The payload was a medium-sized snap-lid food container. The 1080p camera was positioned so that it looked outward, toward the horizon. The sensors which measured atmospheric conditions were mounted externally. A SPOT GPS transponder was included to transmit the location of the payload to assist in retrieval. The GPS sensors, batteries and circuitry were contained inside the unit. Hand warmers were used to keep the internal temperature of the payload in a range suitable for battery operation (in a previous launch, the batteries rapidly died as a result of the sum -40°C temperatures). The container was insulated with styrofoam where possible to help keep the temperatures high.
The launch took place at the University of Ontario Institute of Technology North Campus during the 2015 Science Rendezvous on May 9, 2015. 1 hour prior to the launch, Transport Canada was notified, as well as the nearby Oshawa airport to ensure we were cleared for launch.
The balloon was filled, payload attached and the balloon was released following a countdown from the crowd.
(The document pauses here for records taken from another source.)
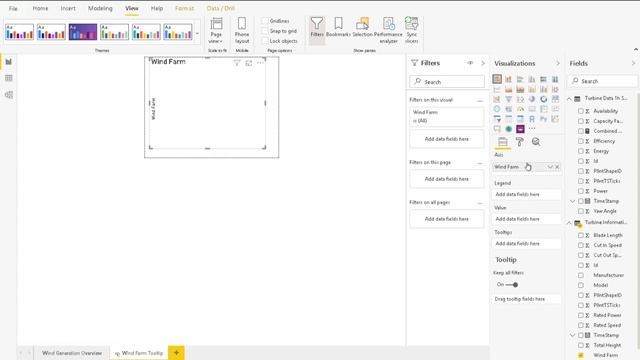 PI Meets BI – Create a tooltip page to show more details смотреть онлайн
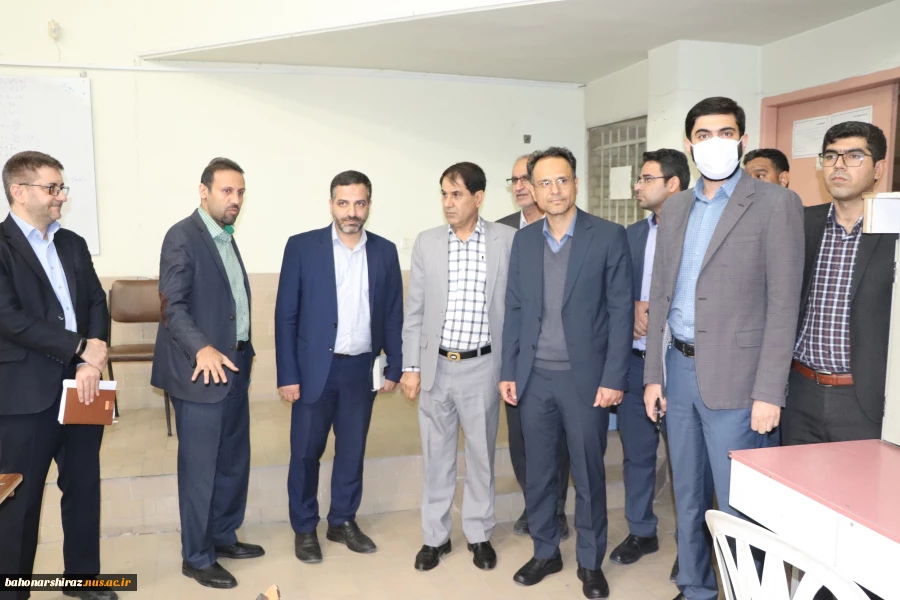 پیگیری  تحقق کارخانه فناوری و ساخت در دانشگاه فنی و حرفه ای فارس 2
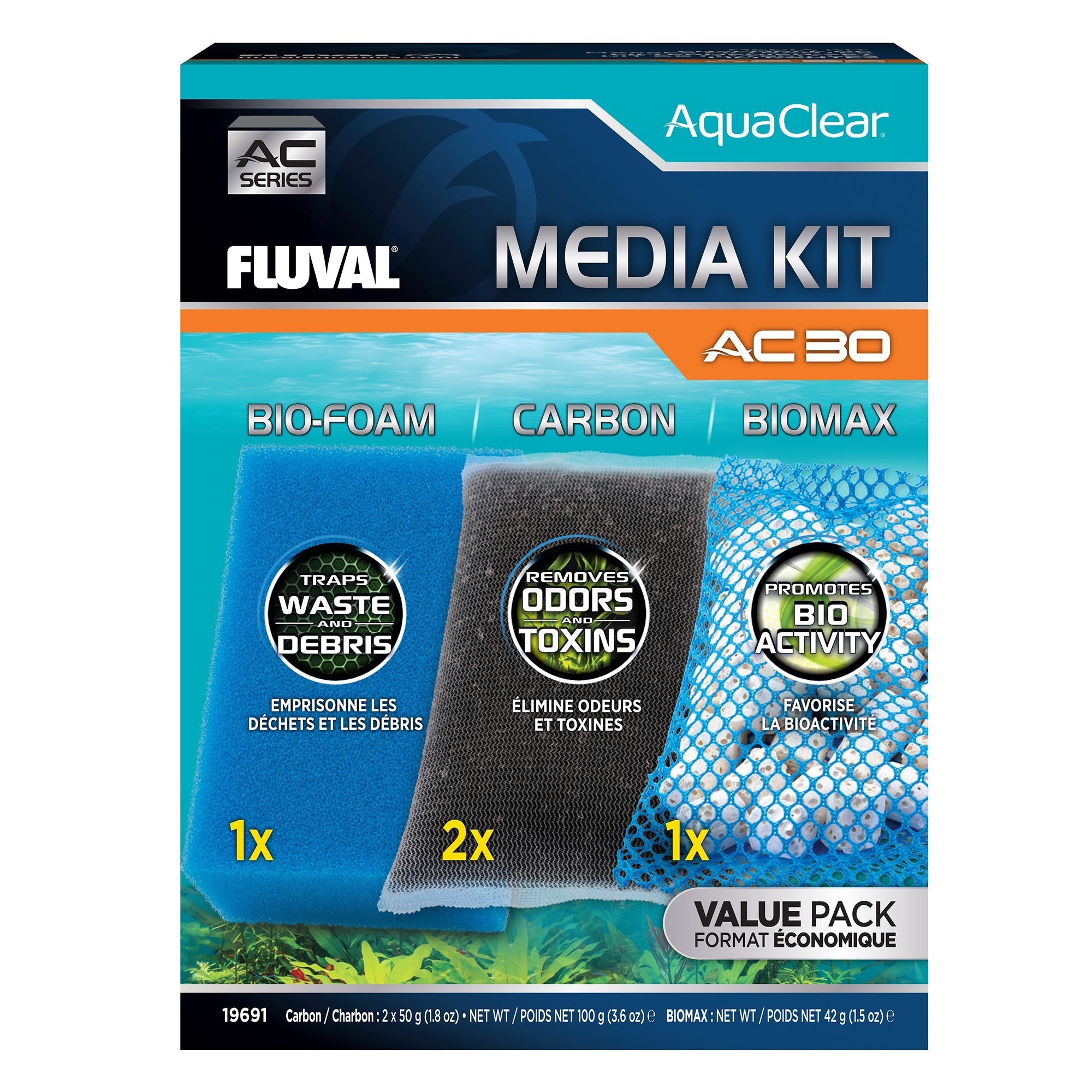 Fluval/AquaClear Media Maintenance Kit (Special Order)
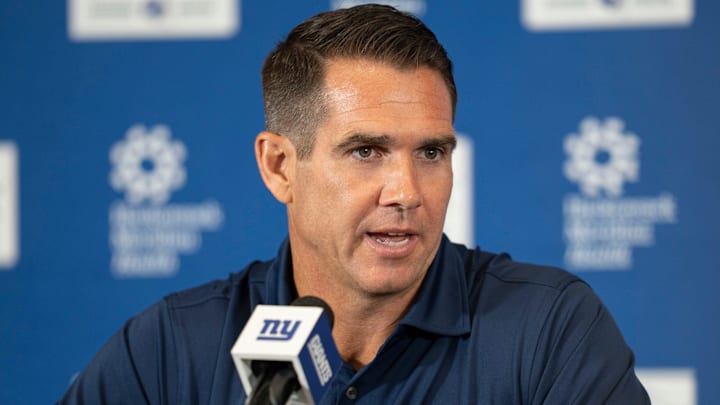 New York Giants - General Manager Joe Schoen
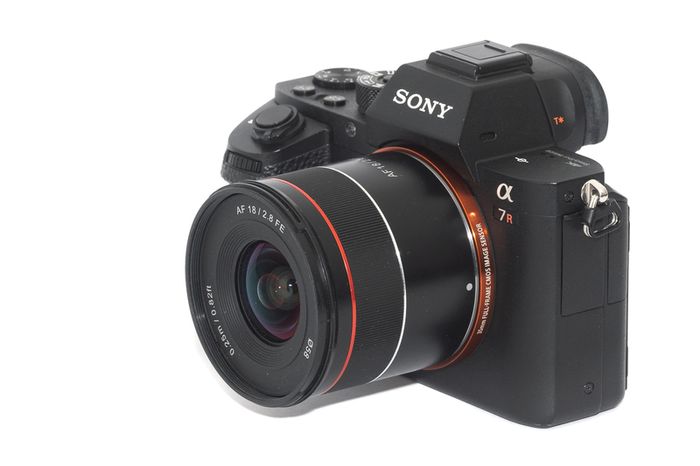 Samyang AF 18mm f/2.8 FE Lens for Sony E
Watch a video, and take a look at some photos of the launch below.
We were concerned with the balloon not clearing the nearby buildings, but it had no problem rising quickly enough. Watch the video of the first few minutes of ascent, as seen by the payload-cam.
That's a bit rough during the first few seconds. We've created a visualization in Google Earth, using the GPS data the balloon collected, to give a better (or at least smoother) idea of the ascent path.
Read more about the flight below.
Prior to the launch, we had run a flight path prediction (using predict.habhub.org) and saw that the balloon should travel east, landing just north of the lake, near Brighton, Ontario. See the prediction in the video below:
The balloon ascended more quickly than anticipated, averaging 4.4 metres per second. This is likely a result of overfilling. Since a higher ascent rate means less time for the balloon to be blown laterally by winds, the landing location was not as far away as anticipated. Overall, the balloon travelled only 66 kilometres from campus, landing 10 minutes east of Cobourg, Ontario.
In a prior launch, the video camera battery died after about 30 minutes due to the extremely cold temperatures at high altitudes. Consequently, we did not capture the entire height of the balloon. For this launch, we insulated the container, used a triple-capacity battery, and included "hot-pocket" hand warmers to try and keep the batteries at a working temperature. It worked and we got video recording (and data collection) for the duration of the trip.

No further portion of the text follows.